Sunday, November 10, 2013

My favorite part of that Alan Grant/Tim Sale Shadow of The Bat arc

I scanned this for the post I did on Tales of The Batman: Tim Sale that I did the other day, but I ended up not having any room for it. In this scene, Catman has just brought new recruit Chancer back to the hideout to meet the rest of the gang, which, of course, includes Calendar Man.

I love everything about that sequence, from Calendar Man's explanation that the reason he screamed  was that he doesn't like cats (and not that a huge black panther just snuck up on him roared in his ear), to Catman's puns, to Calendar Man's framing of costume choice as something akin to a civil right (and the fact that he gets angry at Catman rather than firing back with cat-puns) to the way Sale draws those wonderful costumes and looks on their faces.

It occurs to me that this kind of story is something of a casualty in an era of more "realistic" comic books, wherein supervillains now generally have complicated motives involving revenge and life and death situation and psychological trauma (rather than, you know, "I happen to like dates"), and they've largely abandoned goofy costumes in favor of body armor and the like (See The Wrath from the 1980s and The Wrath from the current story arc of Detective Comics for a good example).

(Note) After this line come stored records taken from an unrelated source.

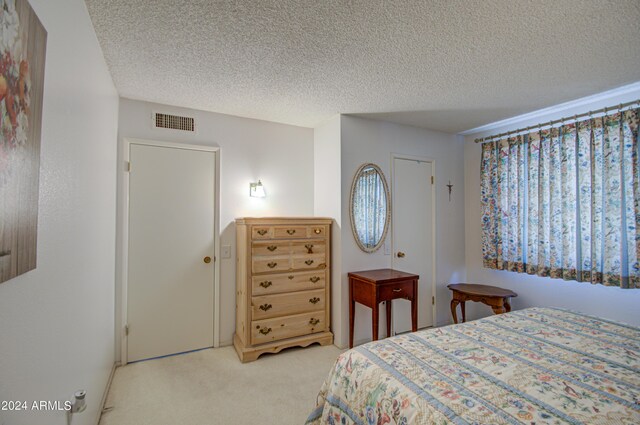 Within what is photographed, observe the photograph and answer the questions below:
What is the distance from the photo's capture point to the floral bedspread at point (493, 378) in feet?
3.40

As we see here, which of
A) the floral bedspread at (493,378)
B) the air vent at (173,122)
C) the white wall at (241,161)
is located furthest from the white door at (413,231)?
the air vent at (173,122)

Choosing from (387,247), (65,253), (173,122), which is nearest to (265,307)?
(387,247)

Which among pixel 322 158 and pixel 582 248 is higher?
pixel 322 158

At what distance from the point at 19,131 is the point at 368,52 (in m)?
1.87

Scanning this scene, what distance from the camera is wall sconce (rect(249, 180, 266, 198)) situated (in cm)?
323

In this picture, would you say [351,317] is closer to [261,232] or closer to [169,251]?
[261,232]

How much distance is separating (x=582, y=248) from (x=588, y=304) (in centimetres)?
54

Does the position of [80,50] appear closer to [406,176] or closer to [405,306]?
[406,176]

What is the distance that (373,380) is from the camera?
1.29 metres

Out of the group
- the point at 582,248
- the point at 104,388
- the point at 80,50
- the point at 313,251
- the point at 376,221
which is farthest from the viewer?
the point at 376,221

While this Catman's costume is still fairly bad-ass (and itself a more serious revision of his original costume, with a big C on the chest), the Catman of Secret Six wore one with obvious signs of tinkering: He didn't have a big cat face on his chest, but instead a bloody claw wound symbol. He fought with vicious, razor weapons he used like claws, and had an incredibly bleak origin story involving child abuse. He also didn't hang out with a panther named Sasha.

The last Calendar Man story I read, in the digital-first-and-then-print Legends of the Dark Knight, featured an iteration the tattooed version of the character (ironically, designed by this very artist) wearing an Uncle Sam suit appropriate to his Fourth of July terrorist plot.

The storyline this image is from, "The Misfits," was about a group of minor, sad-sack Silver Age villains trying to gain respect in a world that's left them behind. Tonally, it has some overlap with that Neil Gaiman/Bernie Mireault Riddler story from 1989's Secret Origins Special #1, or an issue of one of the JLI-era League books guest-starring Flash villains Captain Cold and Heatwave.

I suppose these sorts of stories haven't completely gone away, Superior Foes of Spider-Man is definitely telling a long-form version of one (although their costumes are all pretty updated and cool-looking, save for The Shocker), but I do lament DC's knee-capping of their possibility.  I understand the drive to make every villain more modern, more serious, more evil and more like something you might see in a video game or movie adaptation, but there's certainly something to be said for, say, just letting Kite Man be Kite Man, you know?

1 comment:

  1. I certainly could have lived without the child abuse story, but I still think Simone's Catman was something interestingly different from the geenral trend you're rightly criticizing-- more like Ostrander's Suicide Squad than like Identity Crisis.